ABOUT THIS TASK> Find every line below that contains the word "whether" and copy it out.

STORED DATA>
== Segment start ==

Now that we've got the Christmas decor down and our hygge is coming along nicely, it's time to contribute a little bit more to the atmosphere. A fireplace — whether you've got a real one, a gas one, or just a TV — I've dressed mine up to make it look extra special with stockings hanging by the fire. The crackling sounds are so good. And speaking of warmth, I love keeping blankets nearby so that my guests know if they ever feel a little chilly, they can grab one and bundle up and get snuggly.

== Segment end ==
== Segment start ==

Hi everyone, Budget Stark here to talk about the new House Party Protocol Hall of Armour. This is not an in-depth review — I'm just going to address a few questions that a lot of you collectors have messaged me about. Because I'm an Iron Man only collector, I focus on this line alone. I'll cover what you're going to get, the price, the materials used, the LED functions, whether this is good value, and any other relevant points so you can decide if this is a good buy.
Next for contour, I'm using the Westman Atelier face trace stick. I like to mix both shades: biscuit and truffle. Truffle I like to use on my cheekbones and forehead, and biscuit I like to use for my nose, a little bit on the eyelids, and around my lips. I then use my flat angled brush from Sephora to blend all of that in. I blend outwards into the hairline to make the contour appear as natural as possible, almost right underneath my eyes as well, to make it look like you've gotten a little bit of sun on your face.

== Segment end ==

PROBLEM SOLUTION>
Now that we've got the Christmas decor down and our hygge is coming along nicely, it's time to contribute a little bit more to the atmosphere. A fireplace — whether you've got a real one, a gas one, or just a TV — I've dressed mine up to make it look extra special with stockings hanging by the fire. The crackling sounds are so good. And speaking of warmth, I love keeping blankets nearby so that my guests know if they ever feel a little chilly, they can grab one and bundle up and get snuggly.
Hi everyone, Budget Stark here to talk about the new House Party Protocol Hall of Armour. This is not an in-depth review — I'm just going to address a few questions that a lot of you collectors have messaged me about. Because I'm an Iron Man only collector, I focus on this line alone. I'll cover what you're going to get, the price, the materials used, the LED functions, whether this is good value, and any other relevant points so you can decide if this is a good buy.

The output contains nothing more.